I have an equation: $f(x) = \frac{x^n}{x^n + (1-x)^n} $ where $n$ has a range between [2-infinity].
For example, considering $n=2$, the first derivative (slope of the above equation) is $\frac{2x(1-x)}{(2x^2-2x+1)^2}$.
My aim: determine the value of $x$ given a known RHS value which is a tangential function.
Example: $\frac{2x(1-x)}{(2x^2-2x+1)^2}$ = 2.
Questions:
How can I solve for $x$ in this case the equation being a 4th order polynomial? I know the answer is 0.5 for this case but dont know any further if the RHS is other than 2.
Based on my explanation $n$ has an order between 2 to infinity. If $n=3$, the equation to be solved would be of 6th order and so on..
I heard from a friend few solvers like "Maple/ Mathematica" can solve these but are not open source. Can anyone help me in this regard?
Thanks!!
Elaborating on your example :
$$\frac{2x(1-x)}{(2x^2-2x+1)^2} = 2 \Leftrightarrow 2x(1-x)=2(2x^2-2x+1)^2 $$
$$\Leftrightarrow$$
$$2x(1-x) = 2[2x(x-1) +1]^2 \Leftrightarrow2x(1-x) = 2[4x^2(x-1)^2+4x(x-1) + 1]$$
$$\Leftrightarrow$$
$$2x(1-x)=8x^2(x-1)^2 + 8x(x-1) + 2 \Leftrightarrow8x^2(x-1)^2 -6x(x-1)+2=0$$
Let $y=x(x-1)$. Then, the equation becomes :
$$8y^2-6y+2 =0$$
You can now solve this equation easily to find $y$ and then substitute the values of $y$ you found back into $y=x(x-1)$ to find the values of $x$.
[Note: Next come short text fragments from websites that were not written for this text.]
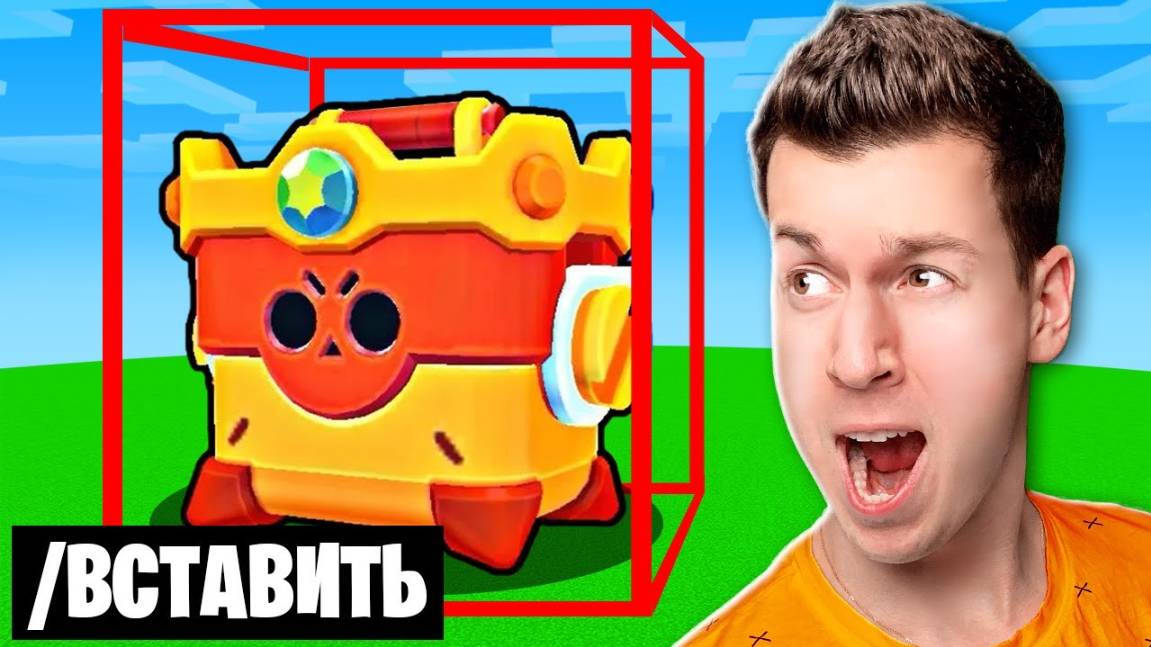 😱 ВОТ КАК Я использую КОВАРНЫЕ Читы на Соревновании в Битве Построек ОМЕГАЯЩИК Майнкрафт ! ВЛАДУ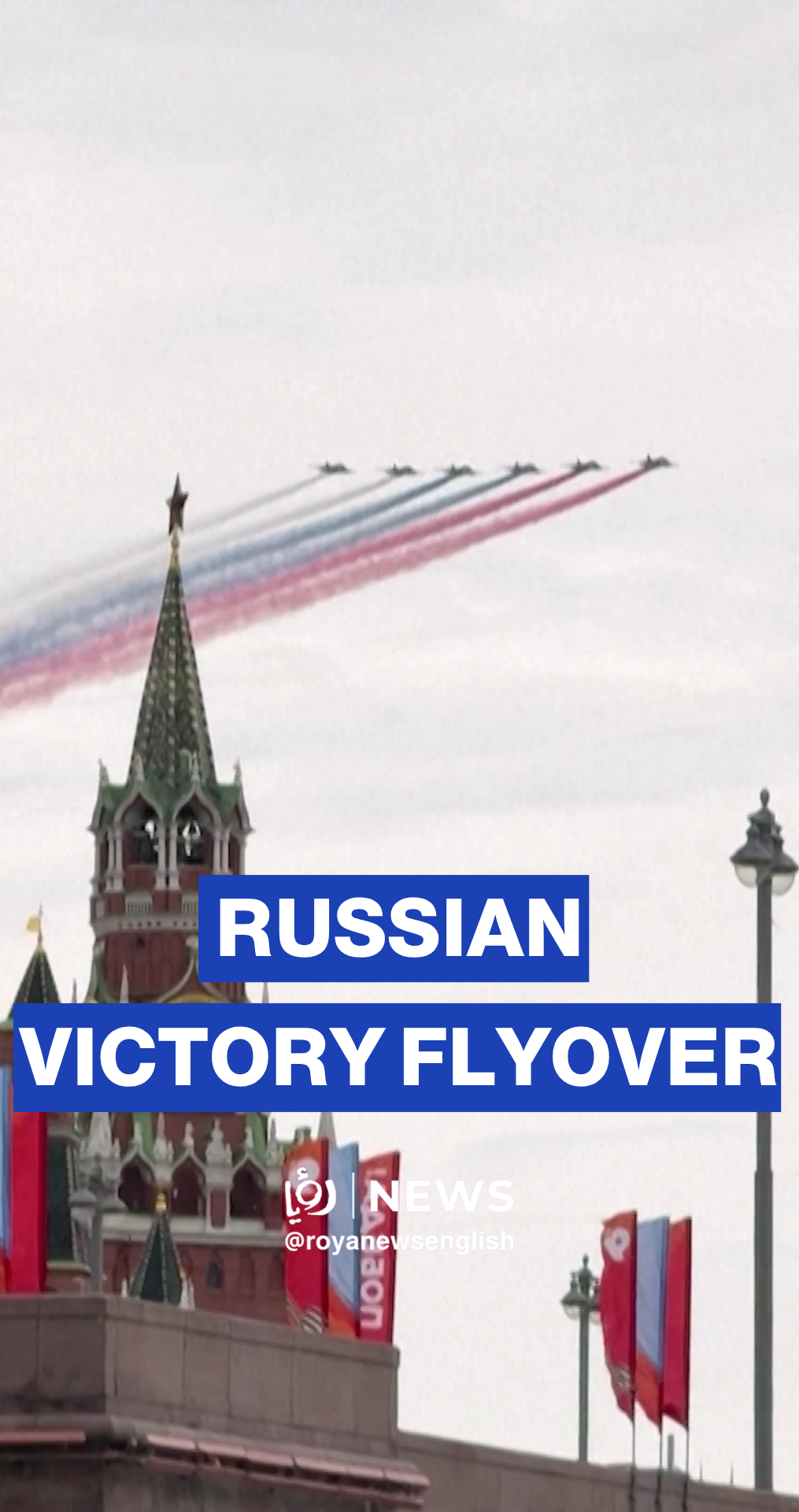Russian jets fly over red square for Victory Day parade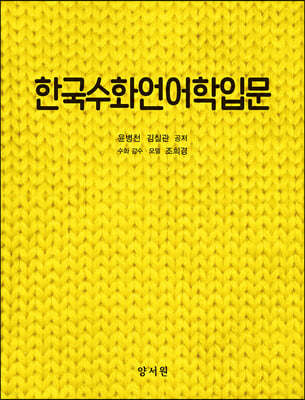 한국수화언어학입문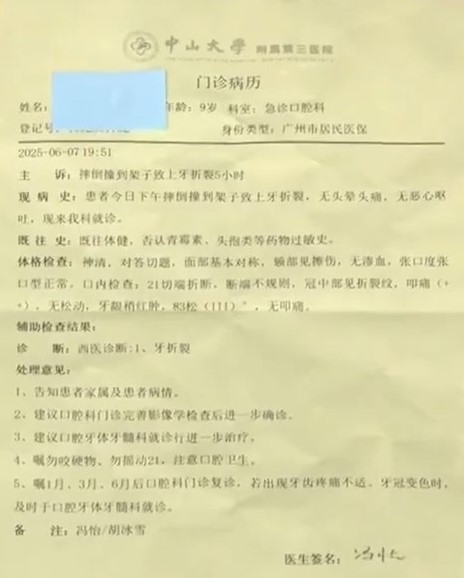 醫生的診斷證明。廣東電視台 醫生的診斷證明。廣東電視台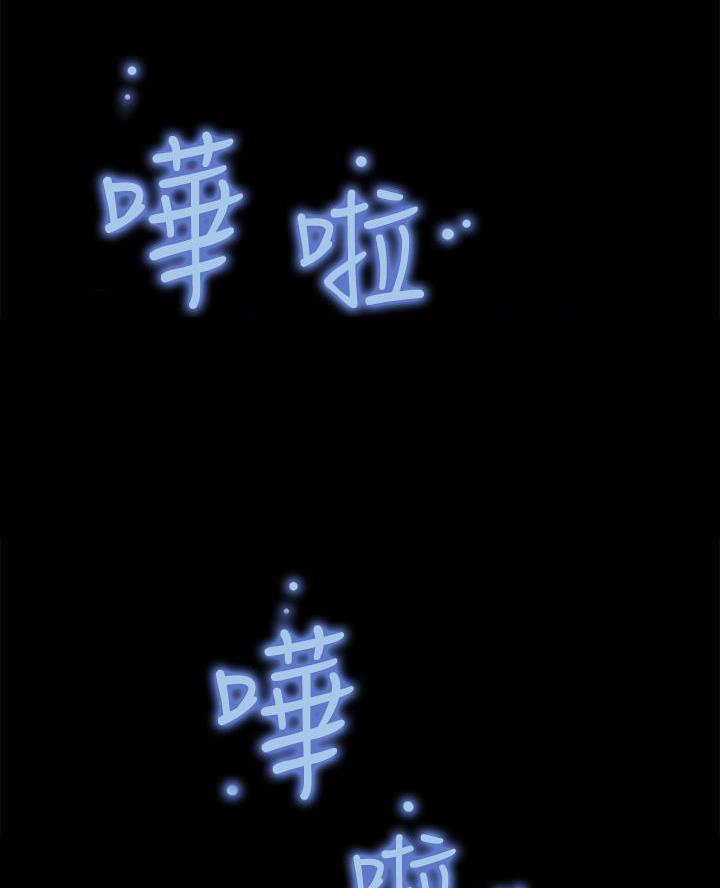 亲子餐厅漫画,第14话1图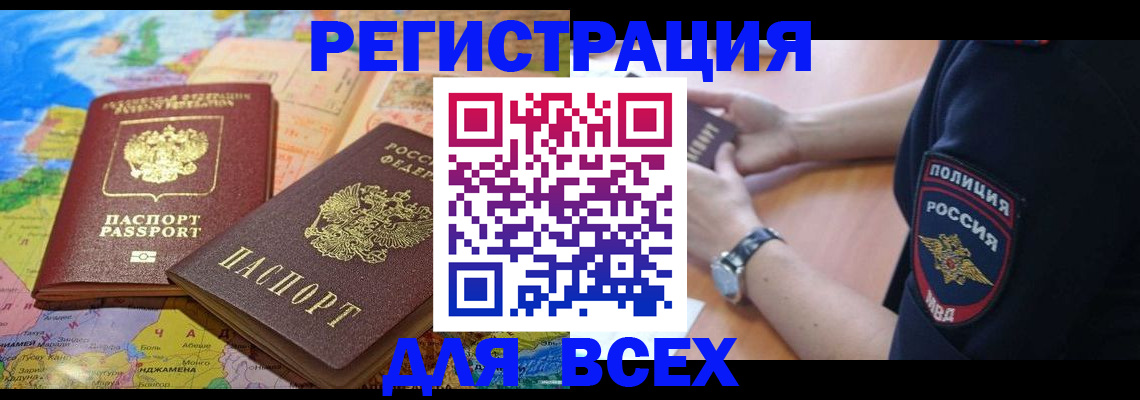 временная прописка в Лисках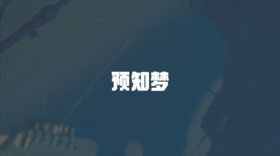 預知夢.png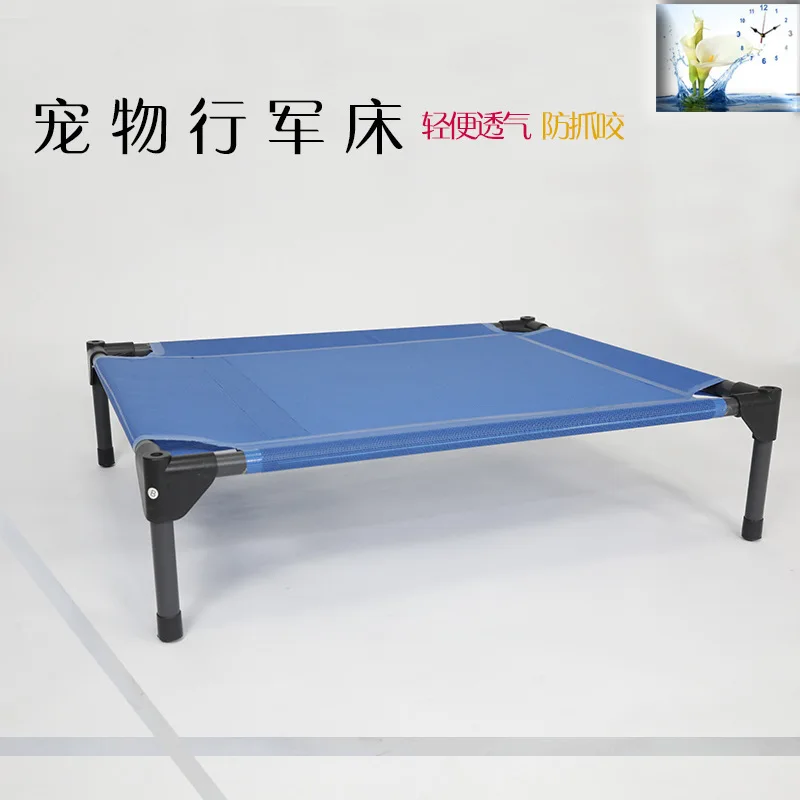 

pet camp bed dog bed dog house kennel color a variety of optional small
Generally : You should always look for such tricks (this was an easy one to see that both the LHS and RHS had a common term after factorizing. If such a manipulation is not possible, then the only way to solve such polynomials is referring to Horner's Rule. For higher order polynomials that have really weird roots it's almost impossible to solve them exactly by hand and an online calculator is the only thing that could help for exact roots.